In the transformational theory introduced by Noam Chomsky in Aspects of the Theory of Syntax (1965), there are two internal levels, deep structure and surface structure. The deep structure represents the semantics, and chooses words from the lexicon, and a series of transformations, or rules of syntax, converts it into the surface structure. It is the surface structure that gets converted directly into phonetic form by the rules of phonology of the language.

For example, the semantic fact of dog biting man might be represented at a deep level by three elements DOG, BITE, MAN together with a logical nesting showing which is the verb, and which the subject and object. At the spoken level the two nouns need a determiner such as 'the', and the verb has to get a tense ('bites' or 'bit', or perhaps a compound like 'will have bitten'). If you're denying it you need to add a 'not' then transform it by inserting an auxiliary verb 'do', and making sure that that and not 'bite' gets the tense-marking ('did not bite', not 'do not bit'). If you're questioning the fact, you need to move something to the front of the sentence, either 'Did', or a word forming a wh question. The end result is a sentence like "Who didn't the dog bite?", which can be translated into phonetic values and articulated.

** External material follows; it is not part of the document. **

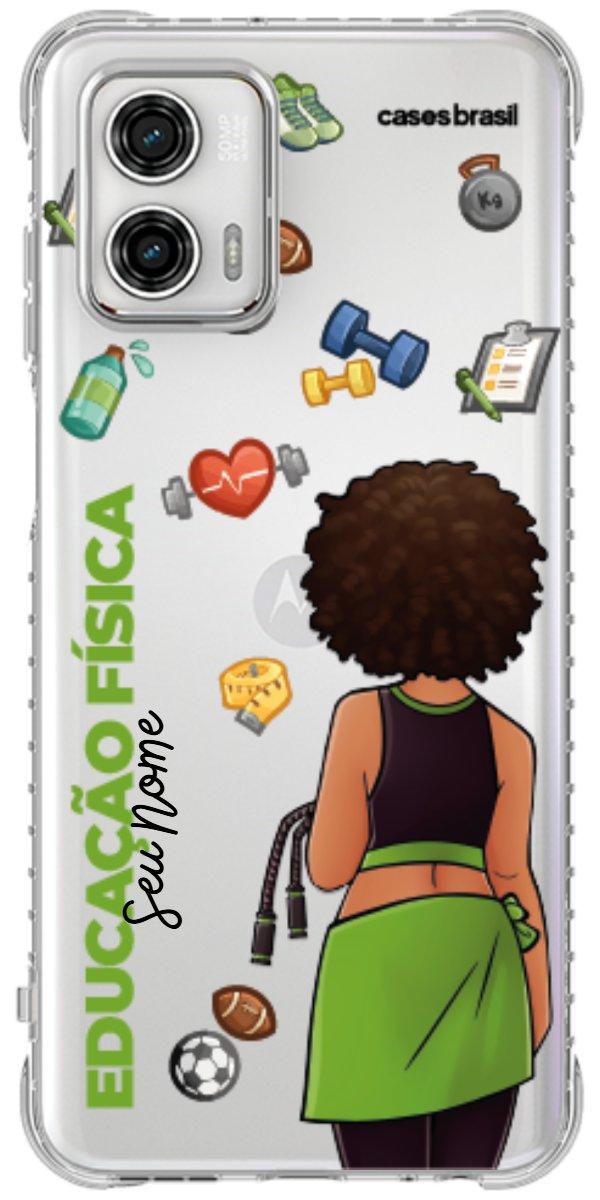 Capinha para celular Educação Física - Boneca Profissão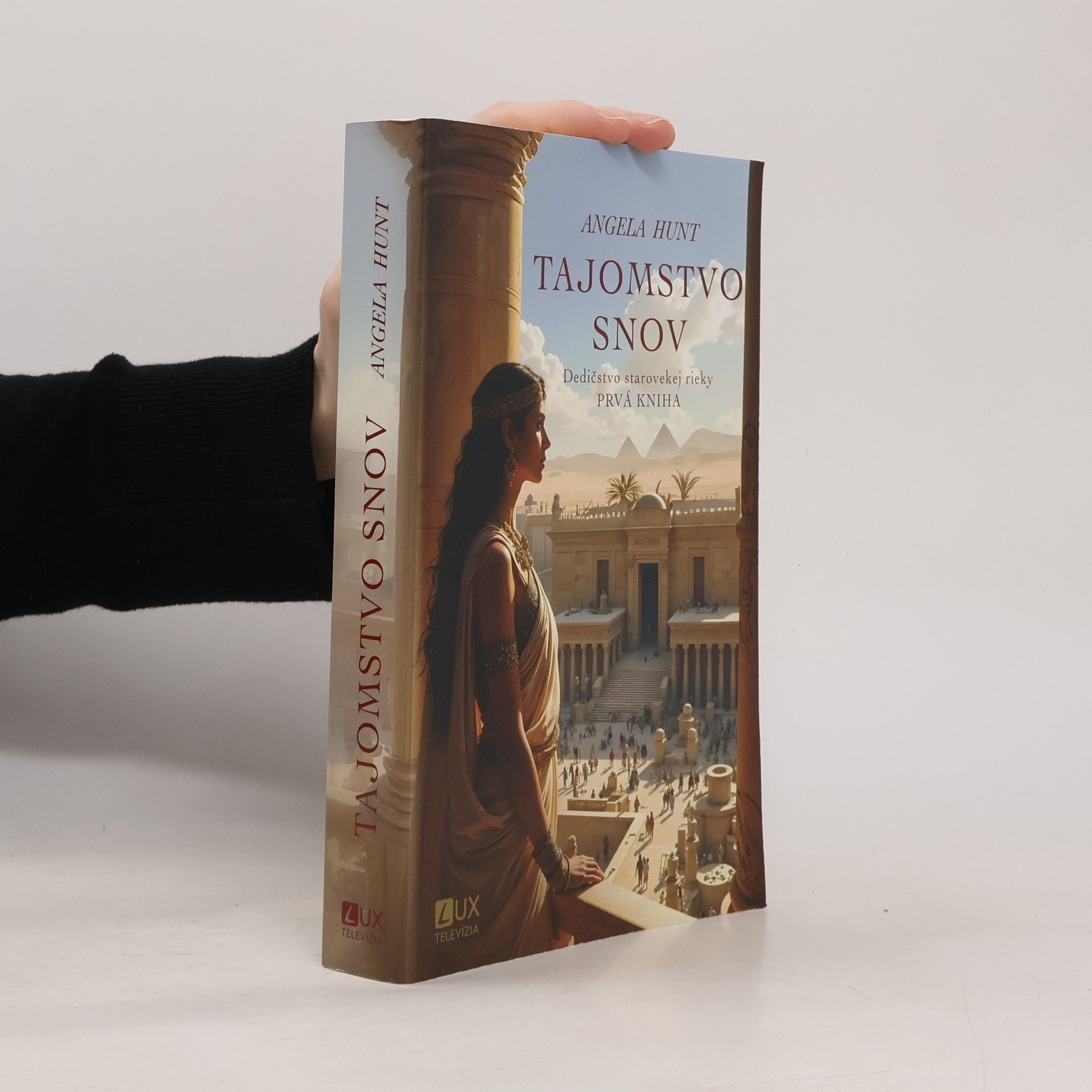 Angela E Hunt Tajomstvo snov 1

As his theories progressed in the 1970s, Chomsky dropped the condition that meaning was exclusively represented in deep structure, and also became unhappy with the unwanted implications of the words 'deep' and 'surface'. As he progressed in generalization, he adopted more abstract notation, calling the levels D-Structure and S-Structure.

In the Minimalist Program he has pursued from the 1990s, Chomsky finds no need for explicit D-Structure or S-Structure. A choice of words from the lexicon undergoes whatever is necessary to satisfy minimal constraints: such as that the word 'bite' knows it has two θ-roles it needs to fill, and the subject role has to be animate, and the object has to at least be concrete. Money can't bite anything, and dogs can't bite happiness. The lexical choice drives minimal operations needed to satisfy the constraints. The operations have to successfully converge on a Phonetic Form (PF), which is a structure in which every element is pronounceable; and also to a Logical Form (LF), which is the interface with non-linguistic mental operations such as hopes, fears, decisions, understanding, deduction, and will.

The point at which the two derivations part company, with phonological features preserved on the way to PF, and semantic properties preserved on the way to LF, is the level of description that was formerly regarded as the S-Structure. But in a logically minimalist sense, while there must be PF and LF, and must be some elementary operations such as Move and Merge, there is no requirement for some definite identifiable point at which the derivations split. The point of splitting for one sentence might be determined by something like a principle of least action acting on its components, and not bear any particular relation to how the components of a different sentence organize themselves. Chomsky now calls this level Spellout: it is the point where phonological information is stripped out of the branch of the derivation going towards LF.